Want to test attenuation and flavor profile.
 
That is cool.

I did it a while ago and was amazed just how good it was. I had a couple of fails, but the one that worked is great. Did a one gallon test batch to grow some more and see what it really tasted like. Got a 1.050 wort down to 1.004. Tasted great so I did a 5g saision that is about done.
 
Awesome. I've been reading about different approaches to this kind of experiment. I definitely want to try it out at some point. Let us know how that said on turns out.
 
Okay, so I tried this. I have a blackberry and blueberry bush growing in my backyard. I made a 1.030 starter with a bit of lemon juice and some aged hops to inhibit mold growth. I split the starter in half and dropped a few blackberries, in one mason jar and a few unripened blueberries in the other. Both showed signs of fermentation after the first day.

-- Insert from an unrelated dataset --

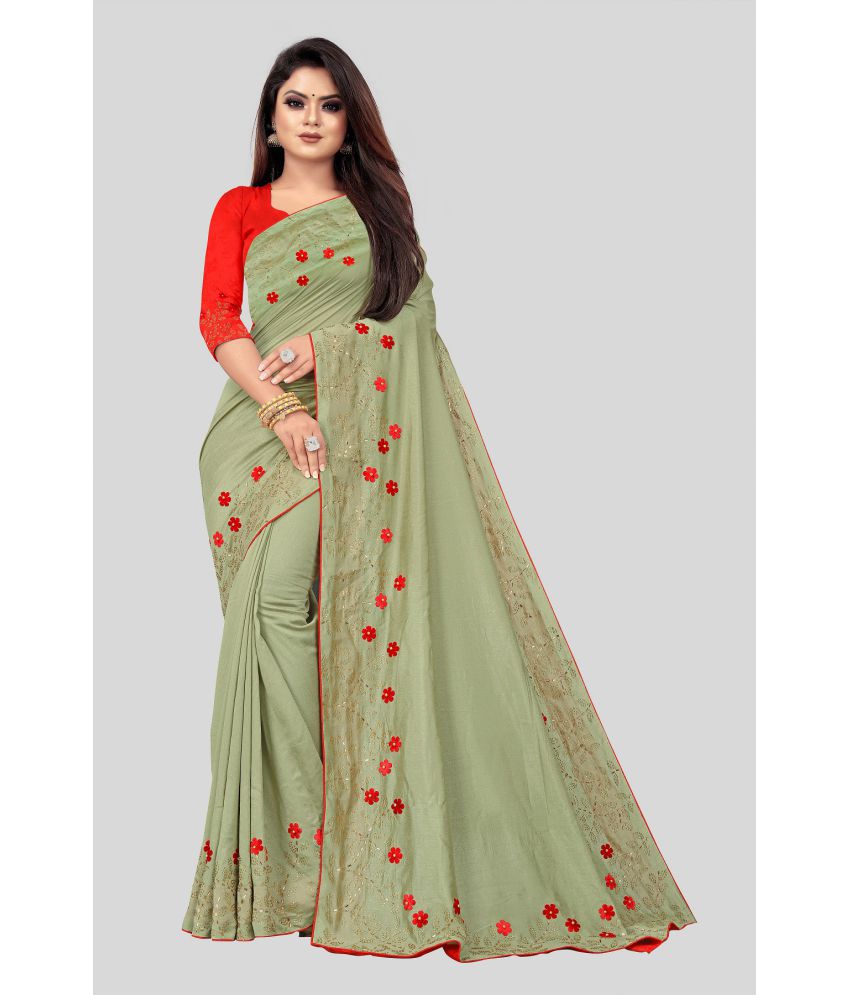    			Gazal Fashions - Green Georgette Saree With Blouse Piece ( Pack of 1 )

The blackberry starter after 2 days had an unpleasant odor, so I dumped it. The blueberry on the other hand had a very fruity/yeasty smell and showed no signs of mold. I tossed the blueberries from the starter and stepped it up a few hours ago and it is going insane!!! It smells like cherry juice. I plan on fermenting the starter out and throwing together a small batch, possibly 3-gallon saison.
 
Great! Can't wait to here how this turns out.
I have 4 gallons of a simple beer bubbling away with my wild yeast. Thinking about racking it onto some wild raspberries.

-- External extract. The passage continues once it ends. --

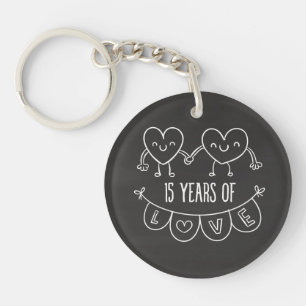 15th Anniversary Gift Chalk Hearts Keychain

I will keep this post updated as I go through the process.
 
Bionut, I can't know for sure whether I have multiple strains or any bugs. At this point I don't realky care. The fermentation smells great, it developed a nice thick krausen...so we will see. It's essentially been a free experiment since I used leftover DME and hops.
 
After a week in primary I decided to pull a sample. Seems like I have a sloth of a yeast. Gravity has only dropped to 1.030. However, a lot of yeast is still in suspension, so I will let it ride a bit longer.

The aroma reminds me of a belgian (bready, spicy). The tastevis a bit of the same, although it has a great tart finish.

Here is to hoping this yeast manages to chew through the rest of the sugar!
 
I have been experimenting with wild yeast for the past year. Early Spring 2012 I captured yeast from under a friends pear tree with some 10.35 wort. At the same time I captured yeast on my deck under some herb plants. Over 6 months I built up both samples until I had about an inch of slurry in gallon jugs. I then brewed 10 gallons of Lambic using a turbid mash. Half was pitched with each yeast. They have been fermenting since December and now both taste pretty fantastic. The Lambic pitched with the yeast from my deck is much more tart than the other, but both are much further along than other Lambics in such a short time. Since this is more of a yeast experiment I will probably use about half of each one bottled alone and then blend half and half and bottle the blended Lambic. I may wait longer and see how they go.
 
Funblock,
That sounds awesome! What kind of flavors are you getting?
What was the base recipe that you used for your beer?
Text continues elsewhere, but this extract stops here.